The average annual property tax bill in the state breached the $8,000 level this year -- $8,161 to be precise, by far the highest in the nation -- and, given history, there’s every reason to believe a record will be achieved again next year. And the year after and the year after that. Not exactly the kind of award one would like to see occupying center space in the state’s trophy case.
Despite the certainty that the increases will continue, there has been little discussion in the Legislature of providing meaningful relief to the growing number of property taxpayers who fear they are losing the struggle to meet their other financial obligations while remaining in their homes.
The 2 percent cap on rates has, according to the Christie administration, produced record low increases, although by failing to take into account withholding homestead rebates from eligible households, the growth percentage figures are a touch misleading. The cap has, though, simply slowed the rate of increase; it has neither stabilized nor reduced it.
Greater state aid -- the traditional response to controlling property taxes -- has been negligible. Pressure on the state budget, combined with underperforming revenue growth and slow economic recovery, has kept such aid essentially flat and there is little prospect of brighter days ahead.
Despite this gloomy outlook and acknowledging that the burden on homeowners will grow steadily heavier, there appears to be little interest in or appetite for seeking alternative methods to fund local governments.
Both the administration and the Legislature are seemingly content to allow the current system -- with all its faults and inherent unfairness -- to remain in place, rather than take on the admittedly politically risky task of extending other taxing authority to the local level.

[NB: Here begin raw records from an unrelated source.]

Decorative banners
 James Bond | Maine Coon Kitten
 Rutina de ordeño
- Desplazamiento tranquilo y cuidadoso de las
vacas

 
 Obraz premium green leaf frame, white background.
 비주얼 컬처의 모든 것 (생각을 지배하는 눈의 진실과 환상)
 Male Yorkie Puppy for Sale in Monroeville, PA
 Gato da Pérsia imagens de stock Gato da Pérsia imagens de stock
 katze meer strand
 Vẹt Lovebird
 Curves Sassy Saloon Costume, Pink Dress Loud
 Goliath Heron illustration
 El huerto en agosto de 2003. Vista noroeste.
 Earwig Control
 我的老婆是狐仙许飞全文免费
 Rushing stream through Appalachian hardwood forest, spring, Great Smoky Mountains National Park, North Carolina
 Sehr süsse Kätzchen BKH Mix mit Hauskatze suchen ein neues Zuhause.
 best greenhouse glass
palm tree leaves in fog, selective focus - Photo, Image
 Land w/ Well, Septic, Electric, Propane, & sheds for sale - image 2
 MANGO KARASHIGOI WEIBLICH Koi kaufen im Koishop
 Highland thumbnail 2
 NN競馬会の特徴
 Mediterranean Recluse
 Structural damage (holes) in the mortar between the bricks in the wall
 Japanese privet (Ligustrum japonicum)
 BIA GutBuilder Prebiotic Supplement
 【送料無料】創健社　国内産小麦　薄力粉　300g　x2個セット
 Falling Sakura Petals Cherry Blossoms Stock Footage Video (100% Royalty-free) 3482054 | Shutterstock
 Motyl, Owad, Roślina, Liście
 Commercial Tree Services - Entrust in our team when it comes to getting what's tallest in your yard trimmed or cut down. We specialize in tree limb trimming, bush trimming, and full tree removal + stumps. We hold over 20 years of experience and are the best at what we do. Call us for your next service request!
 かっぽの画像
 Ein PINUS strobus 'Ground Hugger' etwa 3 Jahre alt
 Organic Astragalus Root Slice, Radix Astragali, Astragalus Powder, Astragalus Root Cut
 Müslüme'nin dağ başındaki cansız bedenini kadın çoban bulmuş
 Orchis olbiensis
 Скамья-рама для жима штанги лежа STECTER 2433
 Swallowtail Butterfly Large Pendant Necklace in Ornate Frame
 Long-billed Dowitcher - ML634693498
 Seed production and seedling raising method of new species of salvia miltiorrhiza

While income is understood to be a far more accurate measure of individual economic health than is the value of property and it would seem logical and fundamentally fair on its face to levy a tax on it, the mere mention of doing so produces howls of outrage.
Reducing property taxes by half or more and replacing the revenue with a tax based on an individual’s ability to pay is an appealing proposition, but whenever it’s suggested, it’s drowned out by accusations that the idea is nothing but a ploy to increase taxes while encouraging government to embark on a spending binge.
The skepticism and cynicism aroused by mention of a municipal income tax, while not entirely misplaced, can be overcome with a guarantee that, once property tax cuts are implemented, they will remain at a specified level.
For instance, a constitutional amendment establishing property taxes at, say, 50 percent of current levels -- not the tax rate, but the actual out-of-pocket-dollar amount -- while prohibiting any increase would lock the system into place.
The same amendment could permit a local wage tax at a specified percentage, lock the rate in for a set period of time, and require a public referendum on any proposed increase after that.
Such a system would head off the financial blow that falls on a municipality faced with the loss of a major tax ratable when a large business relocates, for instance, and leaves the financial slack to be picked up by homeowners. The overwhelming problems faced by Atlantic City, which has lost a staggering 70 percent of its tax base, may be an extreme example, but for many property owners there, it’s personal financial devastation.
Concern over property taxes is nothing new, of course, having for years consistently ranked at the head of the list of issues most troubling to New Jerseyans. A more recent poll further found that of those respondents who said they intended to move out of the state, a majority cited high property taxes as the principal reason.
Individuals on fixed incomes whose lifelong homes have appreciated substantially in value face the very real prospect of being forced out by unaffordable taxes. The middle class is caught in a vise, squeezed by a high cost of living and salaries unable to keep pace, while lower-income families are increasingly shut out of the housing market.
The 2 percent cap muscled through the Legislature by the governor was the most aggressive of any effort to rein in the cost, a sharp departure from previous attempts that worked at the margins with little significant or long lasting impact.
Even with the cap in place, yearly increases are the rule rather than the exception, and today’s record $8,161 average bill will continue to inch upward toward a once unimaginable $10,000.
In the past when the issue arose and the need to act became more urgent, several legislators candidly conceded that the political will to seriously consider dramatic changes in the tax structure simply didn’t exist. Even the less politically-fraught step of convening a constitutional convention whose delegates would be charged with responsibility for recommending reforms couldn’t muster much support.
Whether sufficient critical mass has been reached, producing a public demand for legislative action is unclear. For now, homeowners have little choice but to agonize over news accounts warning of yet another blow to their bank accounts.
In the meantime, the administration and the Legislature appear to have embraced the circular logic of Zen politics: There is no solution, therefore, there is no problem.